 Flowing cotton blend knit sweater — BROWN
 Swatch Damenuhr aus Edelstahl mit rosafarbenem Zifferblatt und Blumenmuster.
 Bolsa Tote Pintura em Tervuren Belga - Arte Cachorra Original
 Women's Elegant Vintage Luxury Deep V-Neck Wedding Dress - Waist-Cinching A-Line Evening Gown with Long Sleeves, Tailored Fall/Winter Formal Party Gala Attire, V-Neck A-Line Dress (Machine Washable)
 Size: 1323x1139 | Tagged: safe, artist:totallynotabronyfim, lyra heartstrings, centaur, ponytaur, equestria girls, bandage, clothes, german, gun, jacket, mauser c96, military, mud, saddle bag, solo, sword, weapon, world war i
□ □ □ □ □ □ □
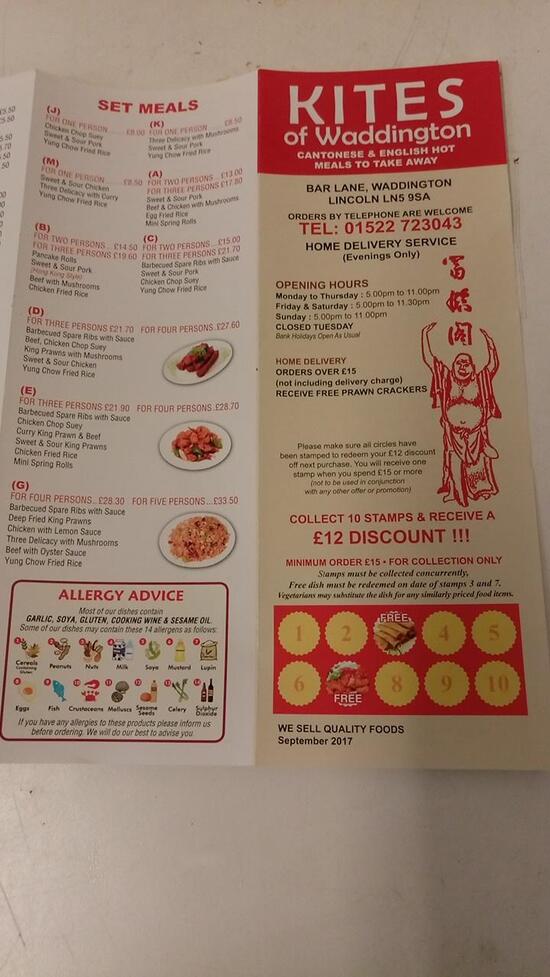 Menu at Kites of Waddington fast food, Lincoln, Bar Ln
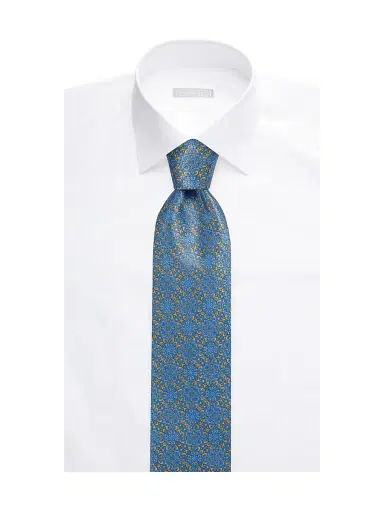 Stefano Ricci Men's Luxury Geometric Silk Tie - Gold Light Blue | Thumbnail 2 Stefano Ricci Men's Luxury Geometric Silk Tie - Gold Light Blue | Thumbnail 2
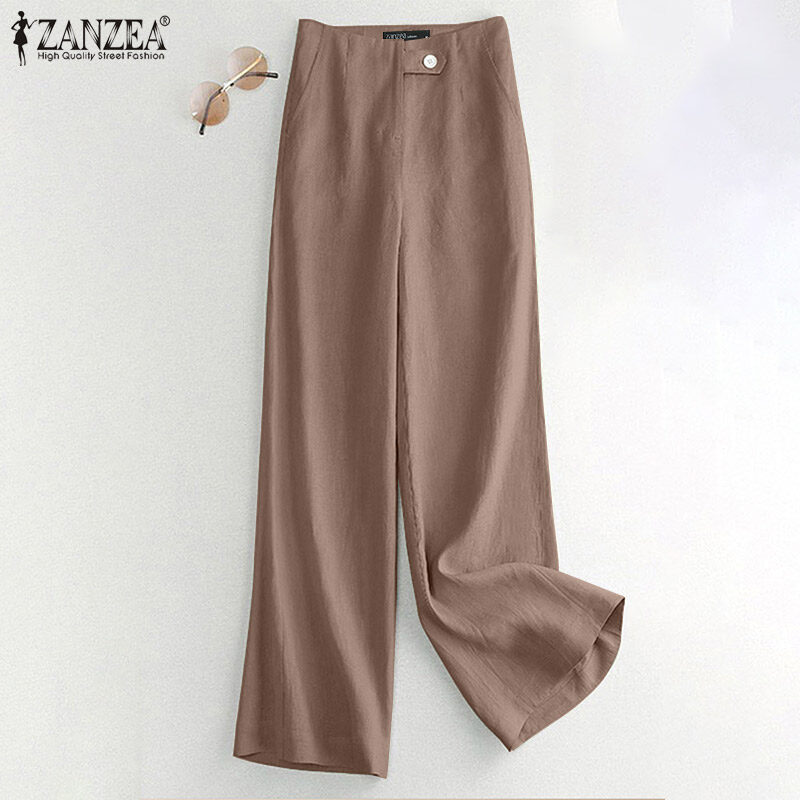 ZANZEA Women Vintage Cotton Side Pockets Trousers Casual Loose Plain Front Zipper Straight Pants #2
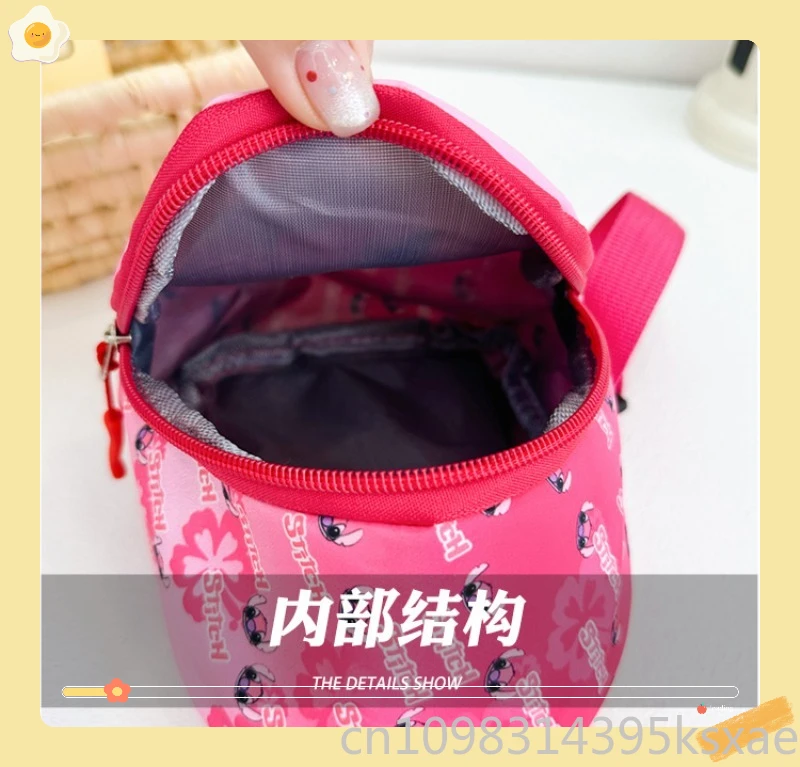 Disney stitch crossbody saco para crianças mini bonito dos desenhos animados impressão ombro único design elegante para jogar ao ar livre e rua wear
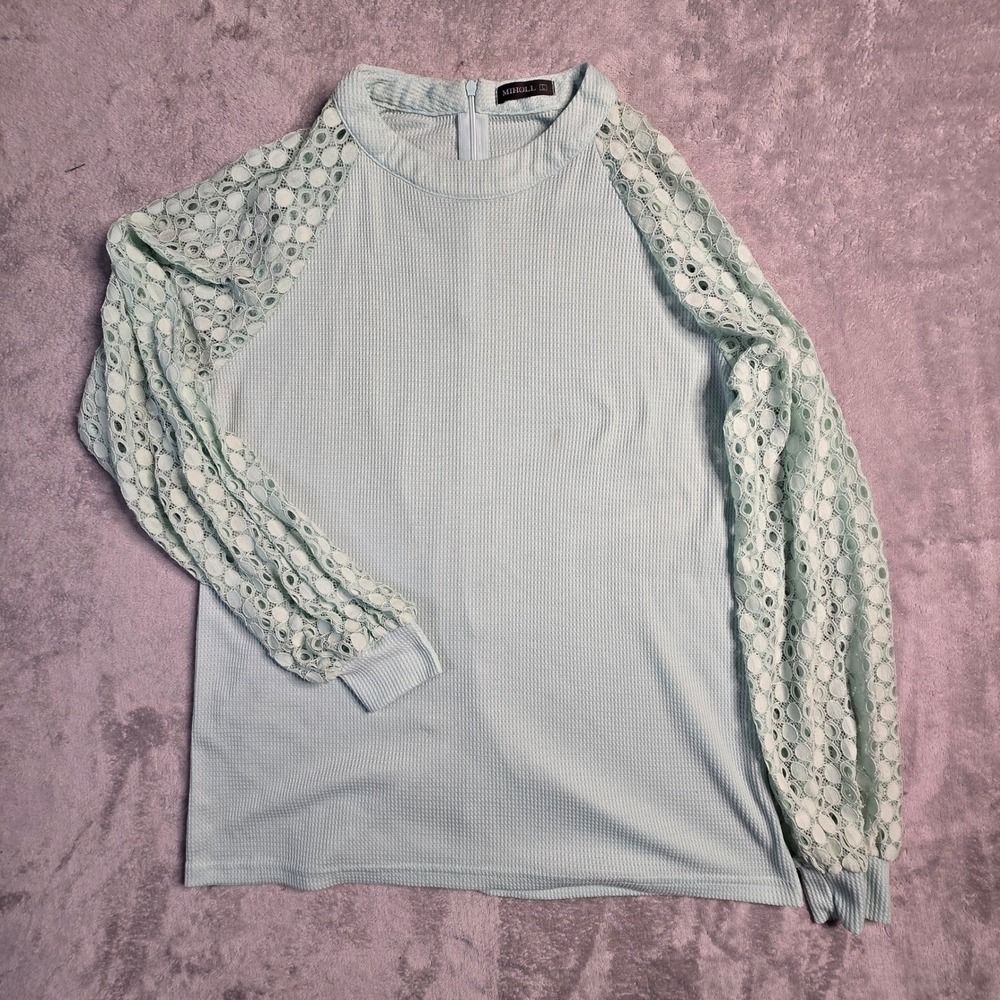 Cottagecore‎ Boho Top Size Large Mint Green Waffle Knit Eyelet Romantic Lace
□ □ □ □ □ □ □
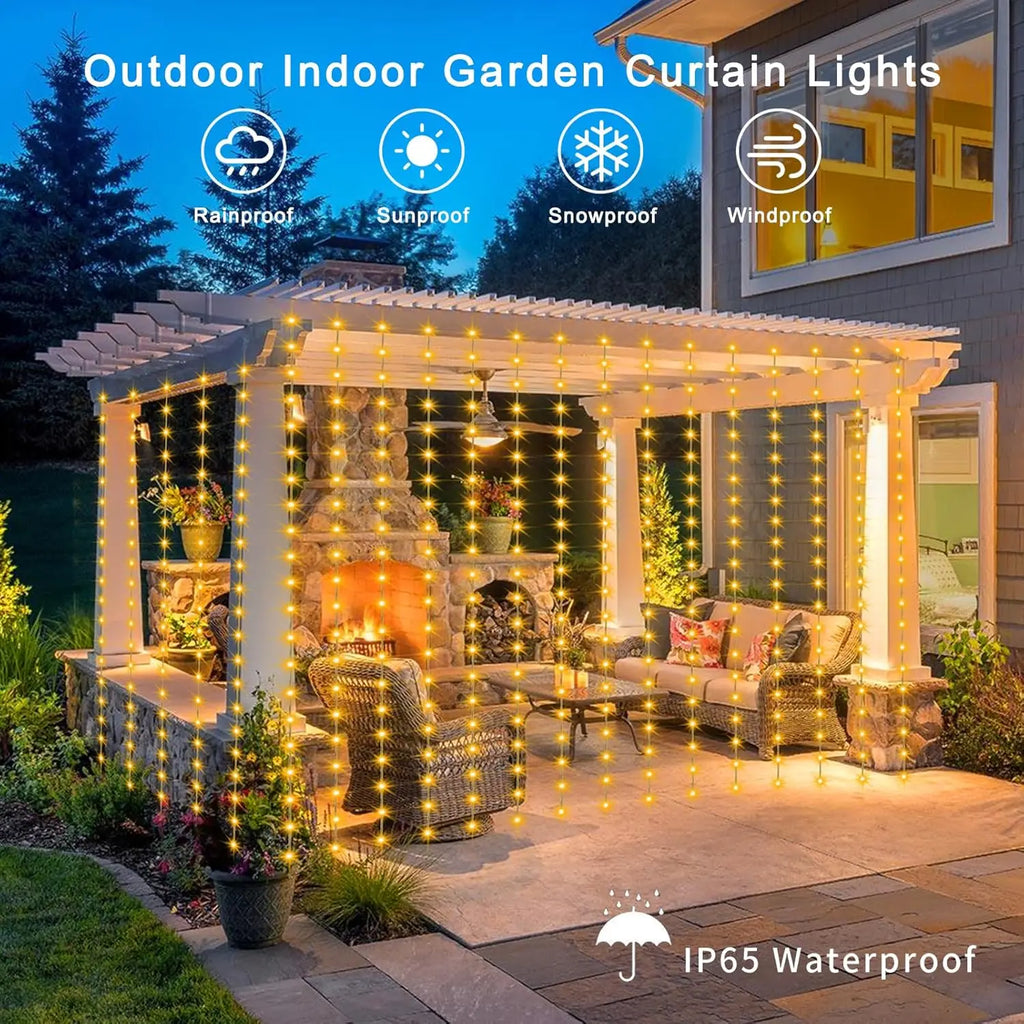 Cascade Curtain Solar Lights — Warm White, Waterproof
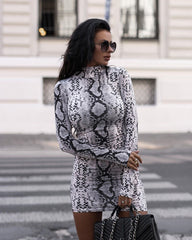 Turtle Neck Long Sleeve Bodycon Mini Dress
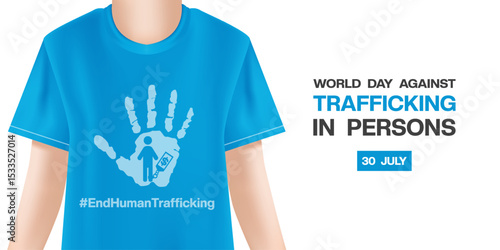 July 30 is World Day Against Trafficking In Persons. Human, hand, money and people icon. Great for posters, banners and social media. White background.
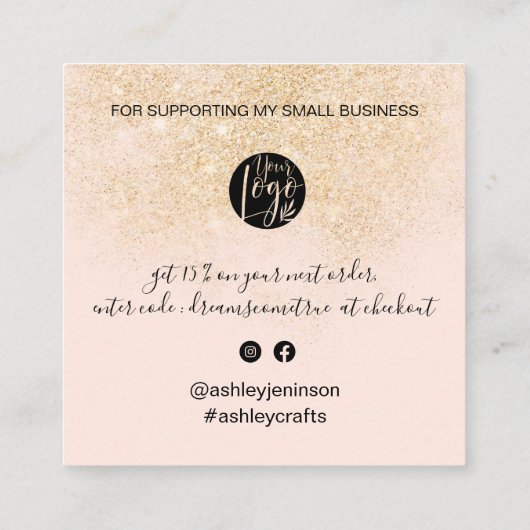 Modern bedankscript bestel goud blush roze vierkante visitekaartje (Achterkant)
□ □ □ □ □ □ □
## Assigned task
Please give an exact copy of the lines above, beginning with the line containing "Flowing cotton blend knit sweater — BROWN" and running through the line containing "Size: 1323x1139 |", and of no other lines.

## Reply to the exercise
 Flowing cotton blend knit sweater — BROWN
 Swatch Damenuhr aus Edelstahl mit rosafarbenem Zifferblatt und Blumenmuster.
 Bolsa Tote Pintura em Tervuren Belga - Arte Cachorra Original
 Women's Elegant Vintage Luxury Deep V-Neck Wedding Dress - Waist-Cinching A-Line Evening Gown with Long Sleeves, Tailored Fall/Winter Formal Party Gala Attire, V-Neck A-Line Dress (Machine Washable)
 Size: 1323x1139 | Tagged: safe, artist:totallynotabronyfim, lyra heartstrings, centaur, ponytaur, equestria girls, bandage, clothes, german, gun, jacket, mauser c96, military, mud, saddle bag, solo, sword, weapon, world war i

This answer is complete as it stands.